Se ve que a finales de los 60 todavía quedaban equipos que hacían localizaciones en condiciones, o todavía quedaban archivos sensatos donde buscar escenarios con rocas peladas, desiertos áridos y polvorientos y un valle sublime rodeado por escarpadas montañas que lo ciñen cual claustrofóbica prisión, que es donde acaba Gregory Peck asediado por el primo apache de Terminator en este western extraordinario rodado por Mulligan (más Pakula en la producción), y que de tan físico y matérico que es uno sale del cine sacudiéndose el polvo y estirando el cuello de dormir en el suelo.
En el comienzo del film unos soldados rodean a una tribu india que ha salido a buscarse la vida y a la que conducen a la reserva. En medio anda una mujer blanca, secuestrada por los indios años atrás, que carga con un mestizo, y que es separada de la tribu a la vez que pide abandonar también la comunidad social "blanca", representada en ese momento por el ejército, lo que coincide con la petición del explorador interpretado por Gregory Peck por abandonar el servicio tras 15 años de pertenencia al ejército. Él también tiene una especie de ahijado mestizo al que deja algo desclasado tras sí. Este conjunto de fuerzas desestructuradas (la tribu que es obligada a abandonar su tierra, la mujer que es separada de su comunidad de adopción sin que pueda retornar a la de su origen, esa imposible categoría de inserción simbólica que es el mestizo, una clase siempre de estatus peliagudo en toda cultura) se manifiesta en el film por la emergencia de una fuerza brutal, ajena a todo freno y completamente asesina, que recibe el nombre de Salvaje, un indio de estatura mítica que es obvio que tiene mucho que ver con la mujer blanca y su hijo, que arrasa todo lo que tiene algún contacto con el peculiar trío que acaban formando los tres protagonistas.

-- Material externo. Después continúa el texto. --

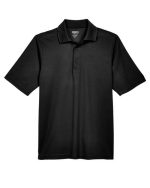 CORE365 88181 - Men's Origin Performance Piqué Polo - Image 3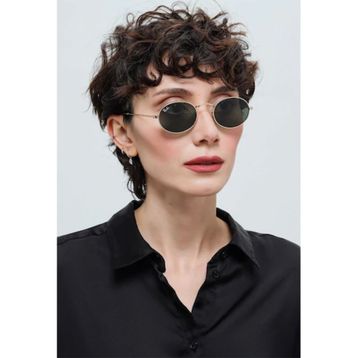 Ray-Ban RB3547N 001 B1 51 Unisex Güneş Gözlüğü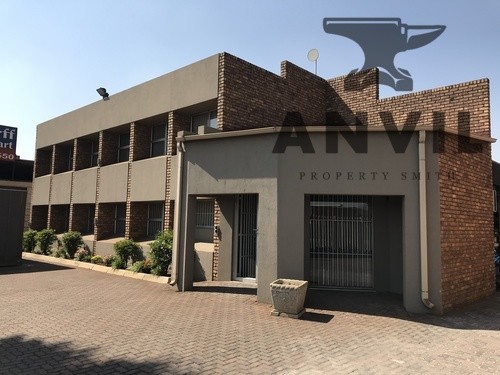 516 Commissioner Street - Building property image 9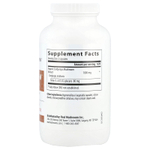 Real Mushrooms, Cordyceps-M, порошок экстракта грибов, 300 капсул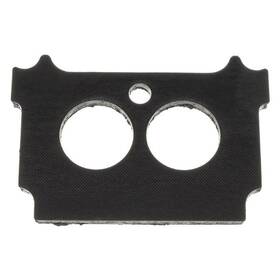 Mahle G26044 For Jeep Cherokee 1974-1983 Carburetor Mounting Gasket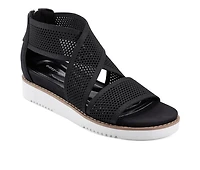 Women's Easy Spirit Witney Sandals
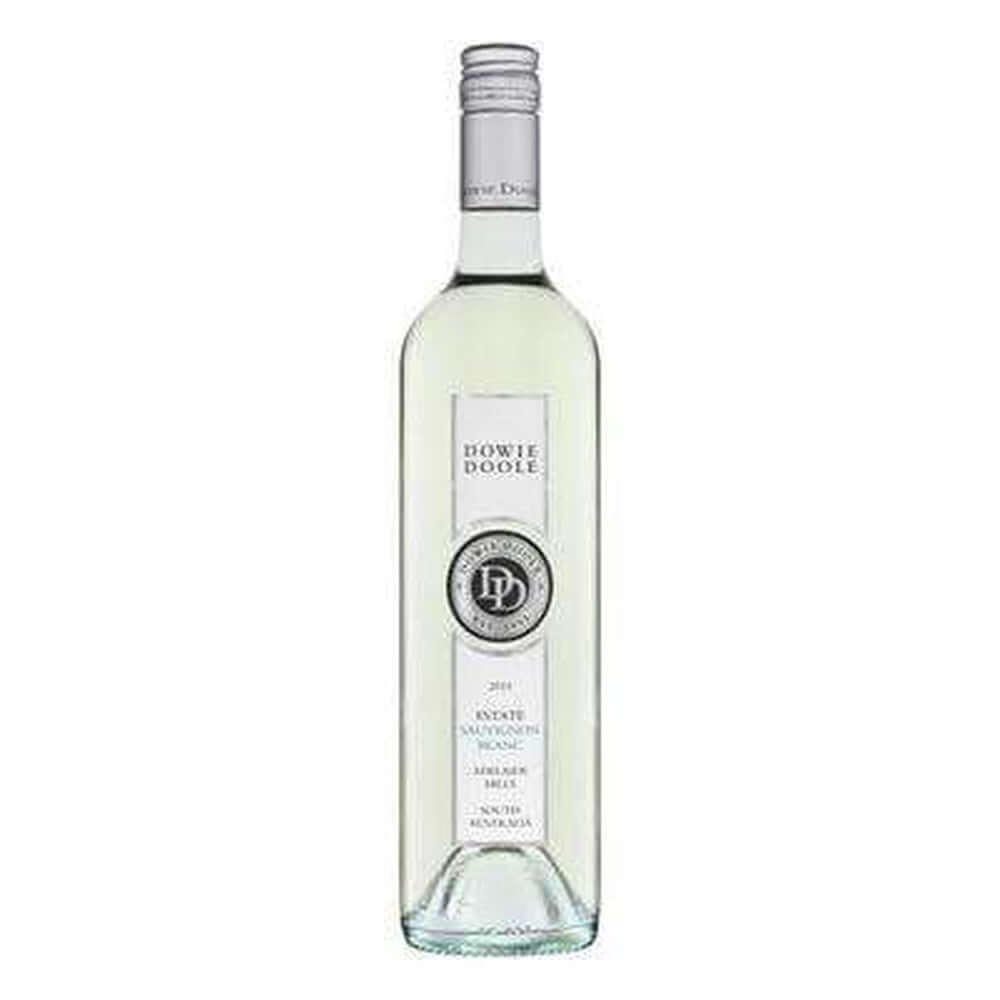 Dowie Doole Estate McLaren Vale Sauvignon Blanc 750ml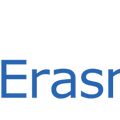 800px-Erasmus+ Logo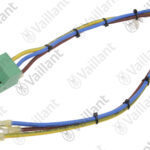 Kabelbaum, Inverter Vaillant-Nr. 0020175823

Si en Dos cabalgan juntos "lo indio" asociado a la mujer y su goce provocaba sobre todo una fascinación más o menos escandalizada en la comunidad femenina del cuartel acerca de la vida sexual que había llevada la joven que había convivido años con el guerrero indio (y que todas suponían más intensa que la que ellas sobrellevaban), aquí es más bien una especie de horror ante lo inimaginable de ese goce lo que aturde a los hombres, que no paran de decir que lo que ha debido de sufrir esa mujer con rostro arrasado y enigmático, pero todavía hermoso, cuyo deseo resulta un misterio para Gregory Peck y para el espectador (¿por qué esa devoción absoluta por ese hijo que se presume fruto de una violación?).
The stalking moon, que en español lleva el desconcertante título de La noche de los gigantes, está prodigiosamente rodada y es de una belleza formal deslumbrante; anota en su interior con desconcertante facilidad las tensiones que zarandeaban al western en los sesenta (el hiperrealismo de Leone, el minimalismo de Hellman, el cansancio "postmítico" de los personajes de Peckinpah y el aura crepuscular y hermoso de los últimos films de Ford) y certifica que el relato clásico ha dejado de ser posible en un mundo a punto de ser arrasado por pulsiones devastadoras.